■ **TASK OBJECTIVE**
When you copy the data, keep every line exactly as written and skip the pictures.

■ **COLLECTED MATERIAL**
****
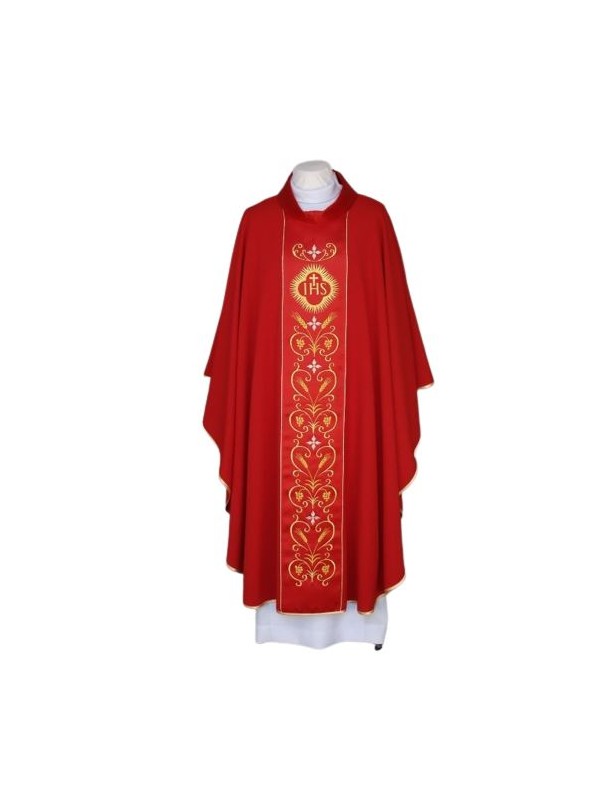 Casulla roja bordada, cinturón de raso - IHS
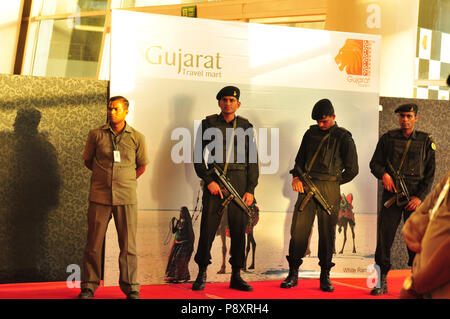 Premierminister Nahrenda der Modi Bodyguards an der Pressekonferenz in Gujarat Travel Mart in Ahmedabad City Stockfoto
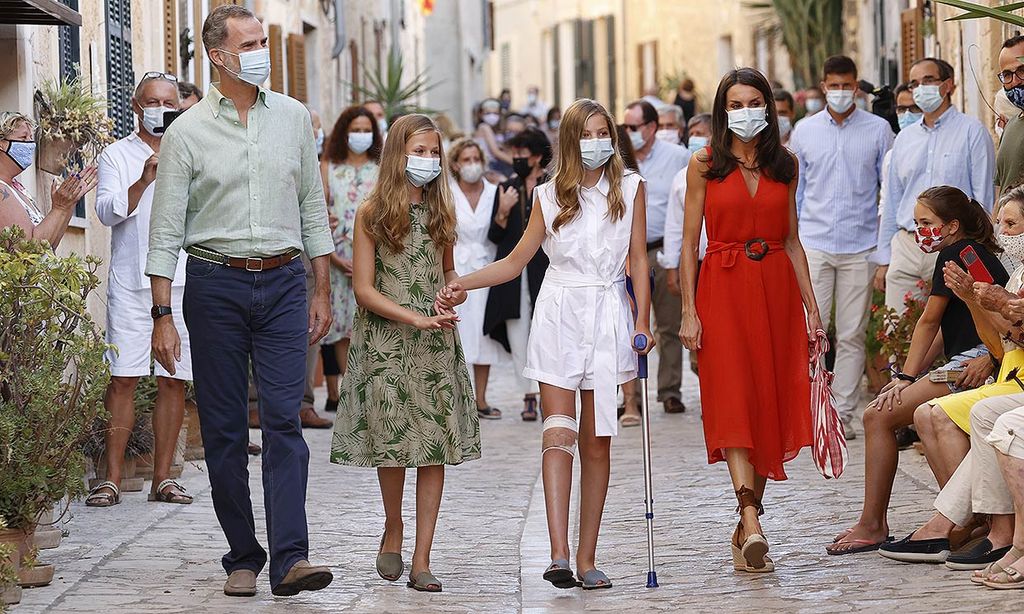 Un paseo por la cultura mallorquina: los Reyes y sus hijas, cómplices y cercanos en su primera salida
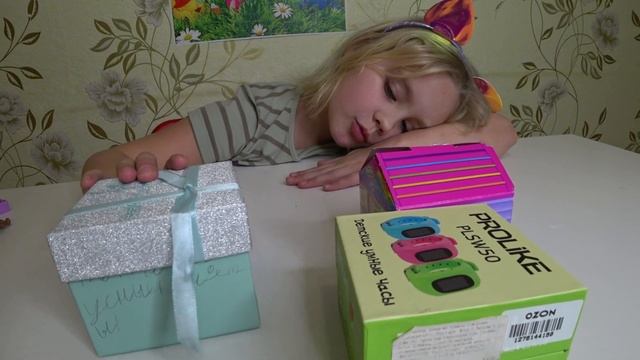 Ксюша угадывает какие игрушки в коробке и ПОЛУЧАЕТ за это подаРОК...\\// смотреть онлайн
****
■ **SOLUTION**
 Casulla roja bordada, cinturón de raso - IHS
 Premierminister Nahrenda der Modi Bodyguards an der Pressekonferenz in Gujarat Travel Mart in Ahmedabad City Stockfoto
 Un paseo por la cultura mallorquina: los Reyes y sus hijas, cómplices y cercanos en su primera salida
 Ксюша угадывает какие игрушки в коробке и ПОЛУЧАЕТ за это подаРОК...\\// смотреть онлайн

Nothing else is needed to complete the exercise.